Recent horrifying reports from the North East Child Poverty Commission have outlined how the situation in the region is getting worse.
One in three babies, children and young people across the North East are growing up in poverty - and the area has experienced one of the steepest increases in child poverty rates over much of the last decade.
The North East has tens of thousands of children who qualify for free school meals, Universal Credit, the lowest wages of anywhere in the UK, the highest proportion of children living in workless households and the country's highest rates of food insecurity.
Amanda Bailey, director of the North East Child Poverty Commission, said: "We all want a North East in which every child has the support they need to thrive – but the reality is that tens of thousands of kids growing up in our region are having their current and future opportunities restricted by all the barriers that poverty and hardship bring. This cannot be right in what remains one of the largest economies in the world.
"Any Prime Minister serious about improving the living standards and life chances of children in our region must make tackling child poverty an urgent and ongoing priority for their Government.

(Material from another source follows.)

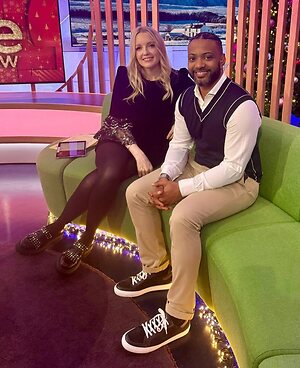 Lauren Laverne Nude Leaked Photo #82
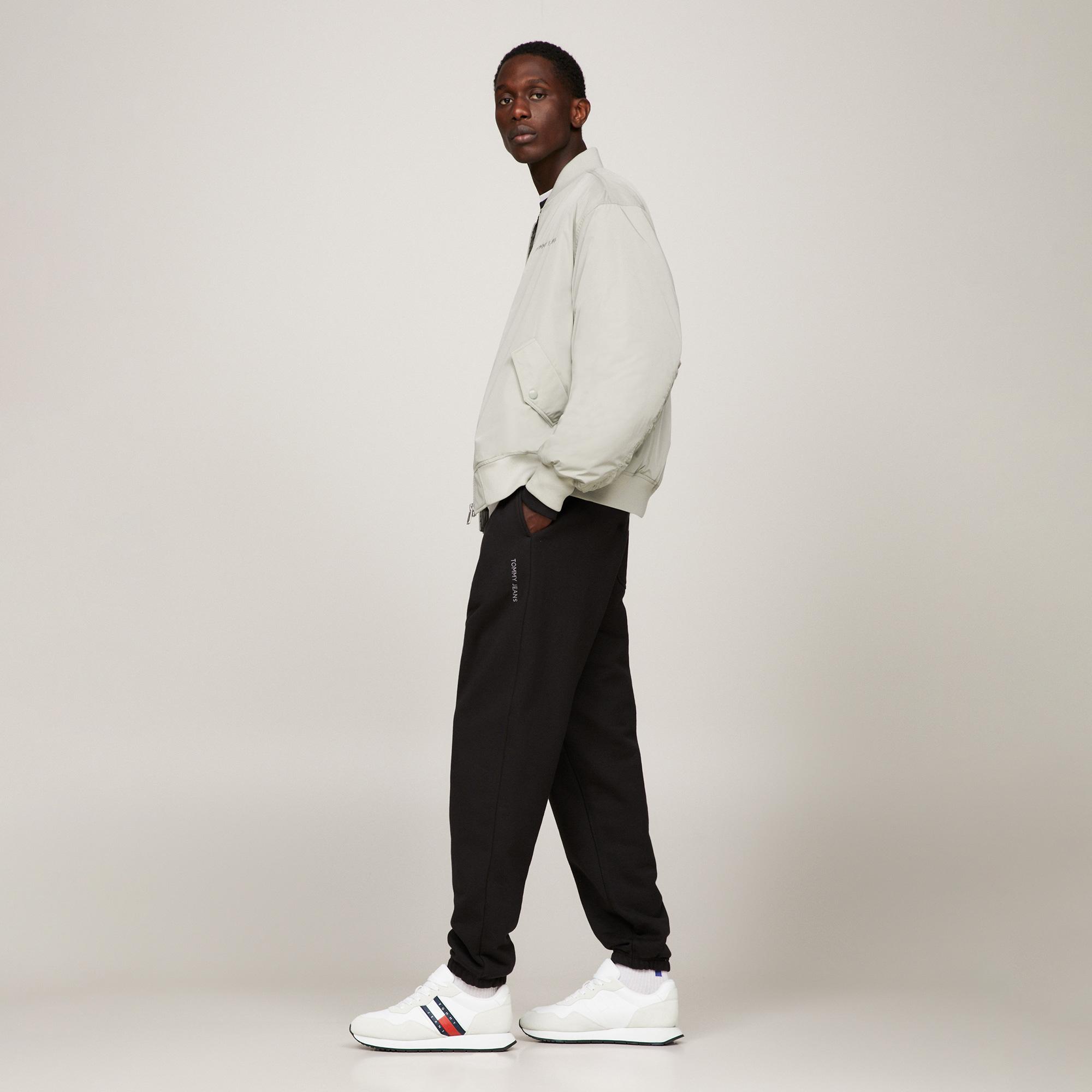 Tommy Hilfiger  Erkek Beyaz Spor Ayakkabı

This means committing to a new national child poverty strategy that cuts across Government departments, and recognises that investing in children and young people is fundamental to the future of both our region and our country.
"As a first step, this should include ending the ‘two-child limit’ policy, which we know has significantly driven up child poverty rates across the country – and now affects one in eight of all children growing up in the North East.
"It must include a guarantee that the National Living Wage, and Universal Credit, will always ensure families – both in and out of work – can at least afford the essentials, but which every food bank and charity supporting families across the North East knows they are currently failing to do.
"And it should, as a priority, expand the reach of free school meals – the current threshold for which every school and college across the region will confirm is far too low."